The basic, underlying commonality here is that none of that stuff is very relatable to a teenager. A 40-year-old who’s had to bury someone (likely a parent or grandparent), had and lost jobs, been in a romantic relationship where questions of cohabitation and finances and children-vs.-careers and suchlike have arisen, etc., can relate to a lot of things that are just going to bore, confuse, or discombobulate someone a third of that age who hasn’t left home or had to self-support yet.

Add in the cases of anachronism and this is simply squared.

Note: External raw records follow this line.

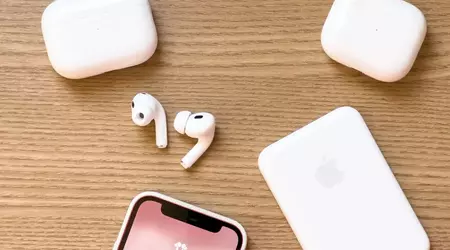 Apple hat ein neues Update für die AirPods Pro 2 veröffentlicht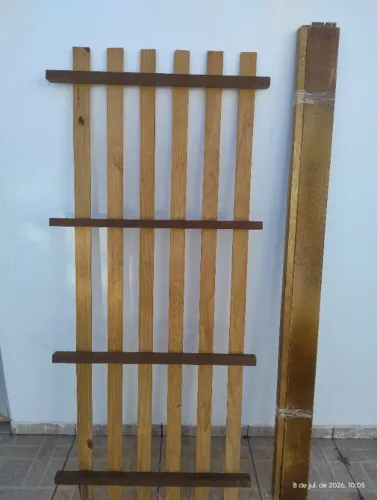 Cama de solteiro 2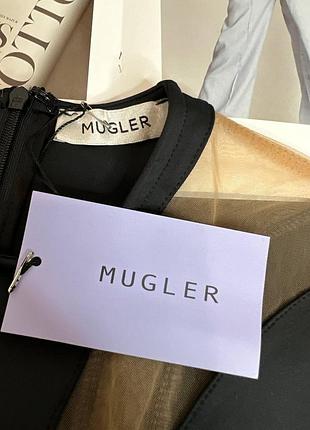Сукня mugler 7
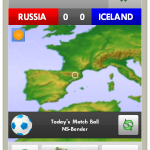 Russia Iceland playing in Andorra?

A comedy of manners that’s only funny if you understand the persnickety details of a complex code of etiquette that hasn’t been extant for 200 years is unlikely to amuse any contemporary audience, etc.

It’s no surprise the faves tend to be the actioners, or at least the ones that tell of experiences sufficiently un-universal in the author’s own time and place that they explain more about what’s going on. A lot of which end up being sea stories: Treasure Island, Moby-Dick, and so forth, though with exceptions (Heart of Darkness, e.g.).

I think they’d get more out of stories with relatable characters with relatable motivations, with the understanding that relatable is relative. There’s a reason YA fiction with teen and young-adult protagonists is so popular with the same audience when they get to actually choose what to read. They should find some subset of that that is of good quality, create standardized interpretations and tests of those, and base the curriculum on those. Except scratch the standardized-interpretations-and-tests bit. The thing to do to pass should be simply to read, comprehend what the story said happened, and show the ability to think and try to understand the underlying character motivations, whether or not the result is the same interpretation as someone else’s. Perhaps even the ability to argue for their interpretation over another, or to concede to the other’s arguments, either way it turns out. It’s not like the important skill here is to know why character X took action Y; the important skill here is to be able to reason about that kind of thing, and more generally to understand that the people around you have inner lives and motivations of their own and how you might try to infer these through observation without being able to be them for a while.

Or something like that.

Of course, the cynic in me says “the education system was designed circa Henry Ford’s era to turn out obedient factory workers who would submit meekly to the boss’s instructions and not think too much about, say, why the boss gets to have a fancy house and car on his pay but you don’t on your’s, and the literature part is intentionally designed to leave a bad taste so as to discourage as many students as possible from voluntarily studying the humanities as adults, so there’ll be fewer pinko commies throwing around frightening words like ‘nationalize’ and ‘unionize’ and ‘expropriate’ down the line, and fewer people agitating about segregation or the patriarchy or the unjust imperialist wars, too”.

Allandrel
Allandrel
7 months ago

One of the most idiotic decisions made by my school’s English department was that the one, single Charles Dickens book that they made required reading was Great Expectations. The novel probably best described as “Dickens deconstructs Dickens.” If you’re not already familiar with most his most popular works, it is impossible to appreciate anything about the novel. You just don’t have the necessary background.

I once saw someone give a geek comparison of “Imagine introducing someone to superhero comics with Watchmen, or to mecha anime with Neon Genesis Evangelion.”

Snowberry
Snowberry
7 months ago

I remember reading The Great Gatsby, Outsiders, Scarlet Letter, and Brave New World for school. I don’t remember the plot of any of those, only a vague impression of the themes involved. For that matter, I don’t think I even understood the plot of The Great Gatsby anyway.

Robert
Robert
7 months ago

I didn’t encounter Great Gatsby until I was in my fifties. That definitely helped.

My high school gave us Ethan Frome instead. For a California born teenager, Frome was almost unintelligible – just move somewhere else, where the earth doesn’t die every winter.

Then again, looking back, literature was like logarithms or syncopation – something that I had no intuitive understanding of of, and therefore could not learn anything about.